Alert rules are code. Test them like code. promtool test rules runs YAML-defined unit tests against your alerting rules without a live Prometheus instance—fits perfectly in CI.

Test both the firing and the non-firing conditions. An alert that fires when it shouldn't is alert fatigue. An alert that never fires when it should is an incident you missed.

Test Alertmanager routing separately. A correct alert rule is useless if Alertmanager routes it to the wrong receiver or silences it with an accidental inhibition rule.

Why Alert Rules Need Tests

Prometheus alerting rules are evaluated continuously against live time-series data. But the rules themselves are just PromQL expressions in YAML files—they are code. And like all code, they break.

Common failure modes:

  • A label name changes in the exporter (e.g., job becomes service) and the alert expression silently stops matching any series
  • A threshold is set in the wrong unit (milliseconds instead of seconds)
  • A for duration is too short, causing the alert to fire on transient spikes and page the team at 3am for nothing
  • An alert is added but the Alertmanager routing tree doesn't have a matching route, so it goes to a catch-all that nobody watches

None of these produce an error. Prometheus happily evaluates the broken expression and either never fires or fires constantly. The promtool test rules command catches this before it reaches production.

The promtool Test Format

promtool ships with Prometheus. The test command takes a YAML file that specifies:

  1. The alerting rule file(s) to load
  2. Synthetic time-series input data
  3. The expected alert state at specific points in time

Here is a minimal example for a high error rate alert:

# rules/api-alerts.yaml
groups:
  - name: api
    rules:
      - alert: HighErrorRate
        expr: |
          sum(rate(http_requests_total{status=~"5.."}[5m]))
          /
          sum(rate(http_requests_total[5m])) > 0.05
        for: 2m
        labels:
          severity: critical
        annotations:
          summary: "High error rate on {{ $labels.job }}"
          runbook: "https://runbooks.example.com/high-error-rate"
# tests/test-api-alerts.yaml
rule_files:
  - ../rules/api-alerts.yaml

evaluation_interval: 1m

tests:
  - name: HighErrorRate fires when error rate exceeds 5%
    interval: 1m
    input_series:
      - series: 'http_requests_total{job="api", status="200"}'
        values: "100 100 100 100 100 100"
      - series: 'http_requests_total{job="api", status="500"}'
        values: "0 2 4 6 8 10"  # increasing errors

    alert_rule_test:
      - eval_time: 3m
        alertname: HighErrorRate
        exp_alerts: []  # not yet firing — under 2m `for` duration

      - eval_time: 5m
        alertname: HighErrorRate
        exp_alerts:
          - exp_labels:
              severity: critical
            exp_annotations:
              summary: "High error rate on api"

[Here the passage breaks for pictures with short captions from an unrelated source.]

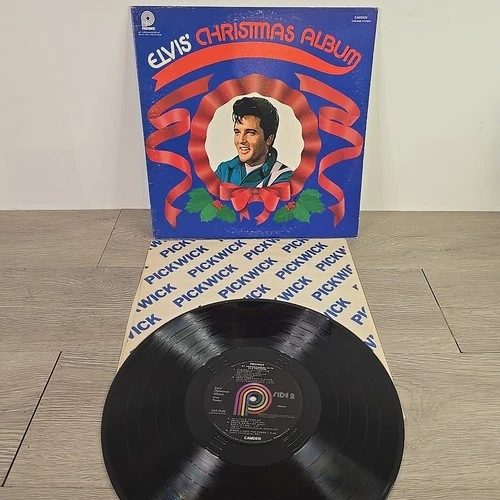 ELVIS CHRISTMAS ALBUM 78 RECORD ALBUM 1970 LP Pickwick EX/VG+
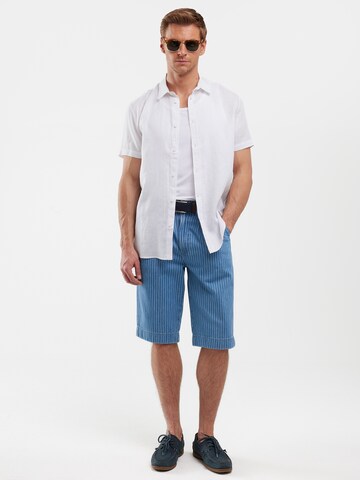 BIG STAR Regular Shorts 'Tem' in Blau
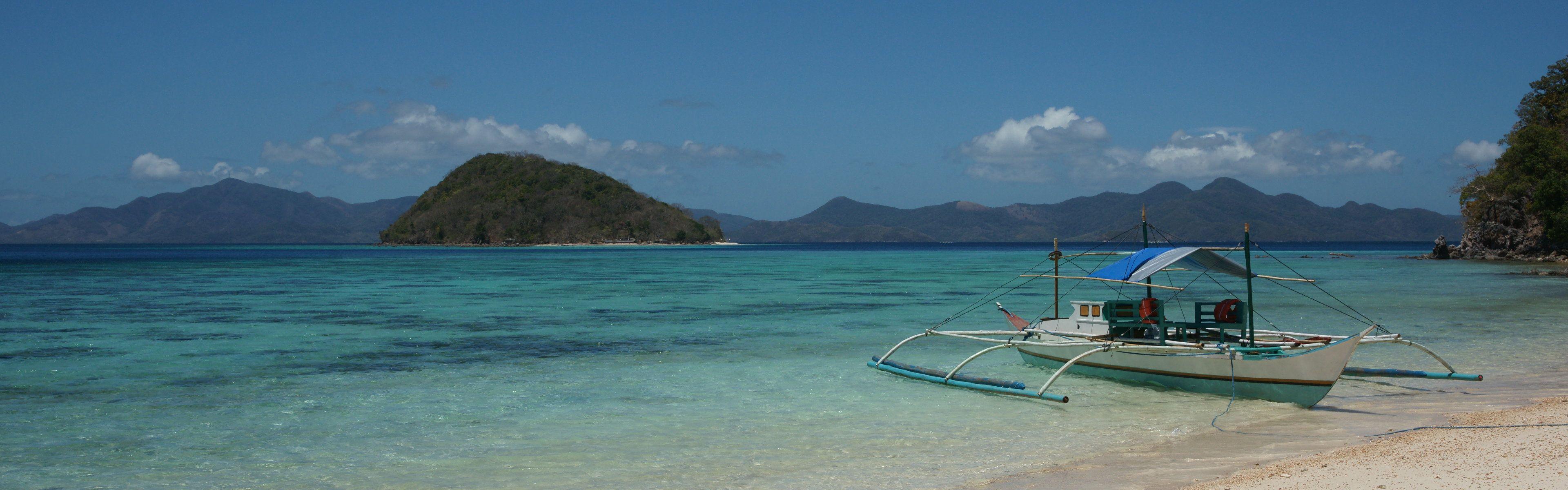 3840x1200 Dual Screen Beach Wallpaper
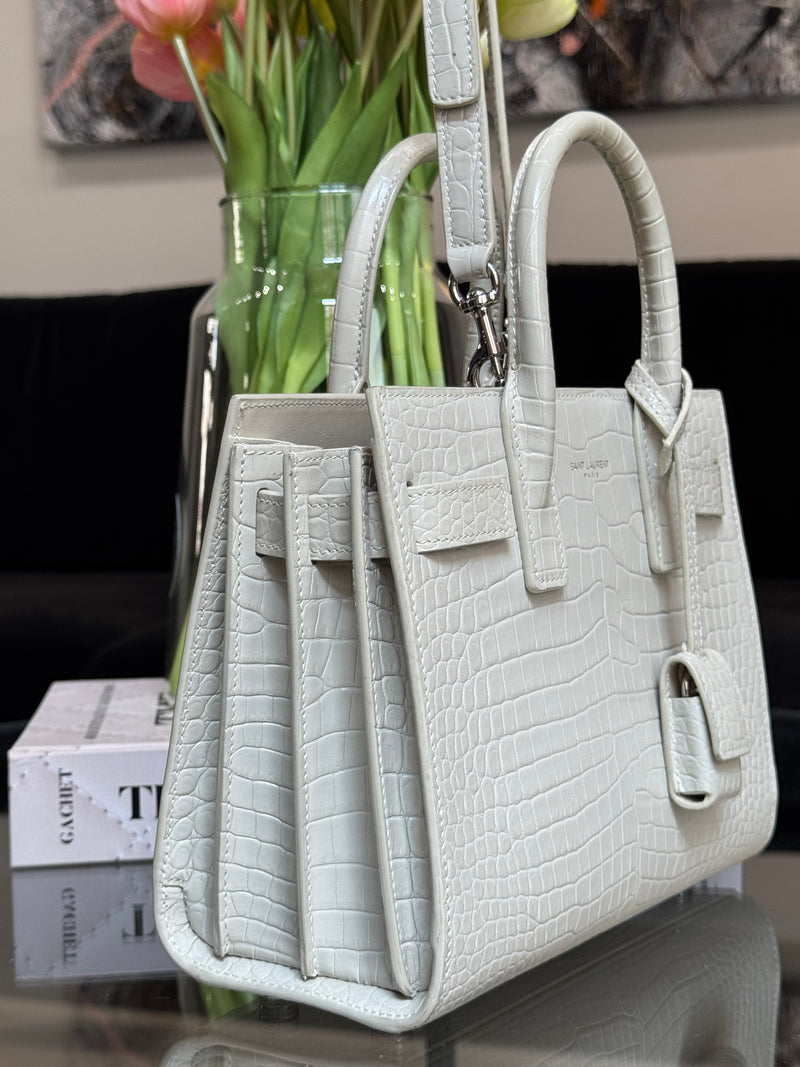 Yves Saint-Laurent 'sac du jour' bag in croco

  - name: HighErrorRate does not fire on low error rate
    interval: 1m
    input_series:
      - series: 'http_requests_total{job="api", status="200"}'
        values: "1000 1000 1000 1000 1000 1000"
      - series: 'http_requests_total{job="api", status="500"}'
        values: "1 1 1 1 1 1"  # 0.1% error rate

    alert_rule_test:
      - eval_time: 5m
        alertname: HighErrorRate
        exp_alerts: []

Run it:

promtool test rules tests/test-api-alerts.yaml

Output on success:

Unit Testing:  tests/test-api-alerts.yaml
  SUCCESS

On failure, promtool shows the expected vs actual alert state, the expression value at each evaluation step, and which labels didn't match.

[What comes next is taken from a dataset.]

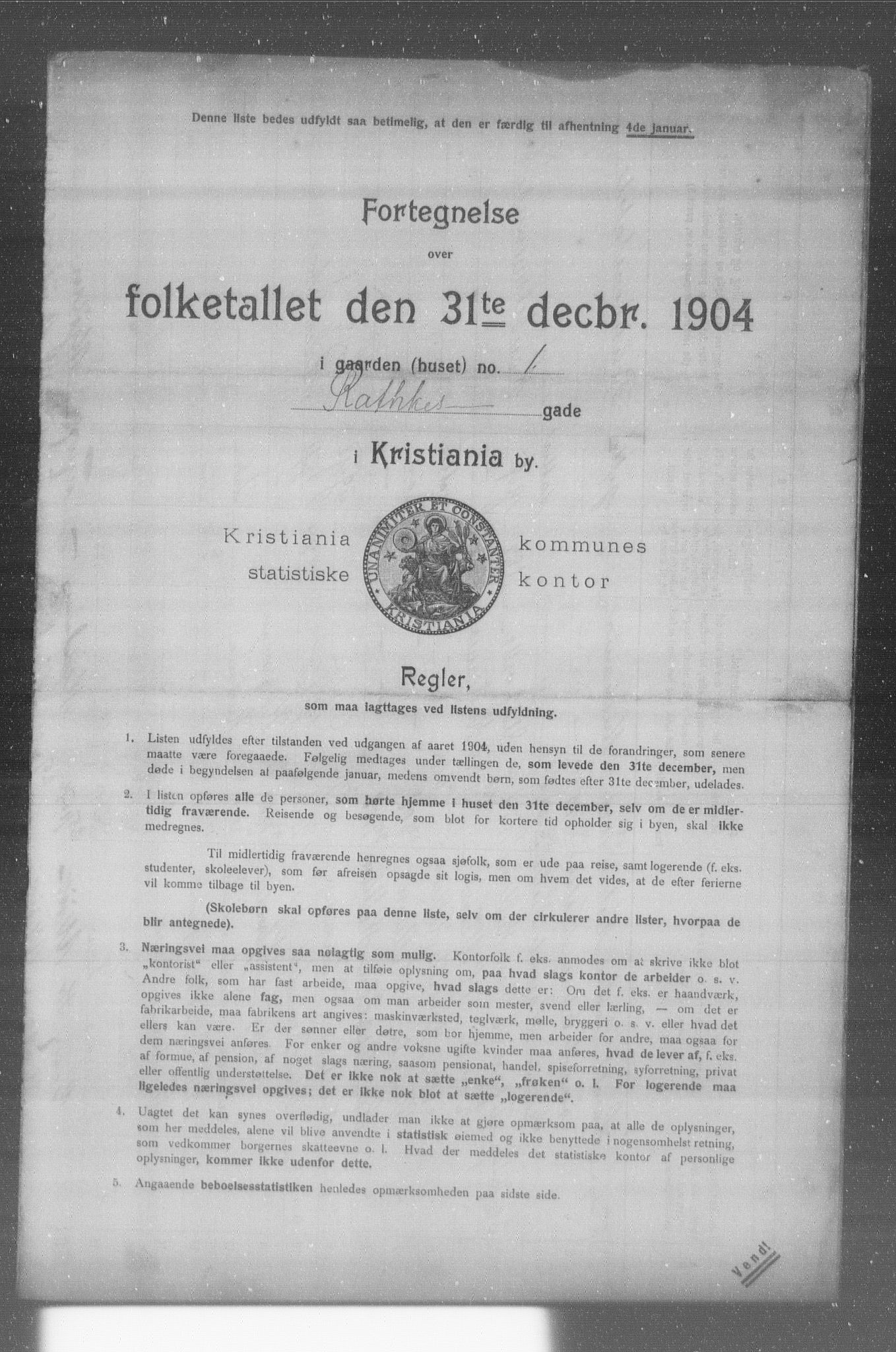 OBA, Kommunal folketelling 31.12.1904 for Kristiania kjøpstad, 1904, s. 15824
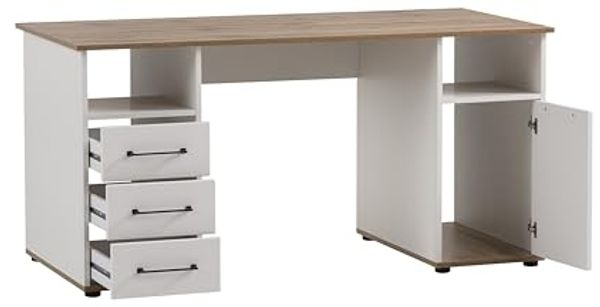 Schildmeyer Schreibtisch Jelda, in Landhausoptik, Holzdekor mit fühlbarer Struktur, Breite 150 cm Bild 4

Writing Unit Tests for Alert Expressions

Anatomy of input_series Values

The values field uses a compact encoding:

"0 1 2 3 4 5"       # one value per interval
"0+1x5"             # start=0, increment=1, repeat=5 times → 0 1 2 3 4 5
"0 1 _ 3 4"         # _ means "no sample" (gap in data)
"stale"             # explicitly set to stale marker

For counter metrics (like http_requests_total), use cumulative values—the rate() function computes the per-second increase:

input_series:
  - series: 'http_requests_total{job="api", status="500"}'
    values: "0+10x10"  # counter goes 0, 10, 20, ... 100
                       # rate() over 5m window ≈ 10/60 per second

Testing the for Duration

The for field means an alert must be continuously firing for that duration before it becomes FIRING. Test both sides:

tests:
  - name: Alert does not fire before for-duration elapses
    interval: 1m
    input_series:
      - series: 'up{job="my-service", instance="10.0.0.1:9090"}'
        values: "0 0 0 0 0"  # down from t=0

    alert_rule_test:
      # Alert rule has `for: 3m`
      - eval_time: 2m
        alertname: InstanceDown
        exp_alerts: []  # PENDING, not FIRING yet

      - eval_time: 4m
        alertname: InstanceDown
        exp_alerts:
          - exp_labels:
              job: my-service
              instance: "10.0.0.1:9090"
              severity: warning

Testing Multi-Label Alerts

When alerts can fire for multiple label combinations, test them explicitly:

tests:
  - name: HighMemoryUsage fires per pod
    interval: 1m
    input_series:
      - series: 'container_memory_usage_bytes{pod="api-1", namespace="production"}'
        values: "0+1073741824x6"  # 1GB increments
      - series: 'container_memory_usage_bytes{pod="api-2", namespace="production"}'
        values: "500000000+0x6"   # stays at 500MB — should not fire

    alert_rule_test:
      - eval_time: 5m
        alertname: HighMemoryUsage
        exp_alerts:
          - exp_labels:
              pod: api-1
              namespace: production
              severity: warning
        # api-2 should NOT appear in exp_alerts

Testing PromQL Queries with promtool query

promtool query lets you run PromQL against a live Prometheus instance from the CLI—useful for verifying your queries work correctly against real data before encoding them as alert rules:

# Instant query
promtool query instant http://prometheus:9090 \
  <span class="hljs-string">'sum(rate(http_requests_total{status=~"5.."}[5m])) / sum(rate(http_requests_total[5m]))'

<span class="hljs-comment"># Range query (last 30 minutes, 1m step)
promtool query range \
  --start=$(<span class="hljs-built_in">date -d <span class="hljs-string">'-30 minutes' +%s) \
  --end=$(<span class="hljs-built_in">date +%s) \
  --step=60 \
  http://prometheus:9090 \
  <span class="hljs-string">'histogram_quantile(0.99, sum(rate(http_request_duration_seconds_bucket[5m])) by (le))'

Use this during rule development to validate expressions return sensible values before writing unit tests.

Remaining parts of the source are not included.